It has been observed that orexin, while implicated in addiction and depression, is also involved in the display of anhedonia in ADHD. Proper functioning of orexin has been shown to have a large degree of control over behaviors that are motivated by a need to survive, such as searching for food when an organism is starving. When orexin does not function as intended, it impairs an organisms ability to feel pleasure from strongly motivated actions.[52]

Orexin neurons

Neurotransmitters

Orexinergic neurons have been shown to be sensitive to inputs from Group III metabotropic glutamate receptors,[53] cannabinoid receptor 1 and CB1–OX1 receptor heterodimers,[54][55][56] adenosine A1 receptors,[57] muscarinic M3 receptors,[58] serotonin 5-HT1A receptors,[59] neuropeptide Y receptors,[60] cholecystokinin A receptors,[61] and catecholamines,[62][63] as well as to ghrelin, leptin, and glucose.[64] Orexinergic neurons themselves regulate release of acetylcholine,[65][66] serotonin, and noradrenaline.[67]

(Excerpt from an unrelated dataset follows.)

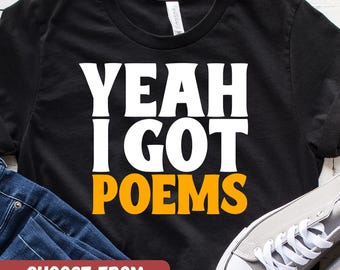 Funny Poetry Lover Shirt, Writer Humor Tee, Book Graphic Tee, Poet Gift Idea, Literature Fan Apparel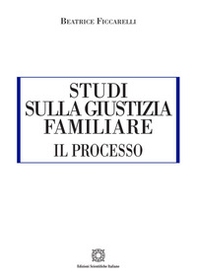 Studi sulla giustizia familiare - Librerie.coop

Orexinergic neurons can be differentiated into two groups based on connectivity and functionality. Orexinergic neurons in the lateral hypothalamic group are closely associated with reward related functions, such as conditioned place preference. These neurons preferentially innervate the ventral tegmental area and the ventromedial prefrontal cortex. The neurons found in the ventral tegmental area, the ventromedial prefrontal cortex, and the nucleus accumbens shell are strongly implicated in addiction and the sensitization of neurons to stimulating drugs (such as amphetamines). Orexin producing neurons in these areas have been found to be primarily indicated in seeking behavior when externally stimulated by environmental signals such as stress.[68] These neurons are in contrast to the lateral hypothalamic neurons, the perifornical-dorsal group of orexinergic neurons are involved in functions related to arousal and autonomic response. These neurons project inter-hypothalamically, as well as to the brainstem, where the release of orexin modulates various autonomic processes.[69][70]

Orexin system dysfunction

Orexin/hypocretin system dysfunction might be associated with a variety of disorders and medical conditions.[71][72]

Takotsubo syndrome

Orexin/hypocretin system dysfunction has been proposed as a novel pathophysiological model of Takotsubo syndrome (acute failure syndrome).[73]

ESSENCE

ESSENCE (Early Symptomatic Syndromes Eliciting Neurodevelopmental Clinical Examinations) is an umbrella term covering a wide range of neurodevelopmental disorders and difficulties (ADHD, developmental coordination disorder, autism spectrum disorder) as well as ESSENCE-associated conditions (behavioural phenotype syndromes, some neurological conditions and disorders, and severe early-onset mental disorders). Orexin/hypocretin system dysfunction might be associated with many symptoms in a variety of ESSENCE.[74]

Clinical uses

The orexin/hypocretin system is the target of the insomnia medication suvorexant (Belsomra), which works by blocking both orexin receptors.[75] Suvorexant has undergone three phase III trials and was approved in 2014 by the US Food and Drug Administration (FDA) after being denied approval the year before.[76] The other FDA-approved orexin antagonists are lemborexant (Dayvigo)[77] and daridorexant (Quviviq).[78]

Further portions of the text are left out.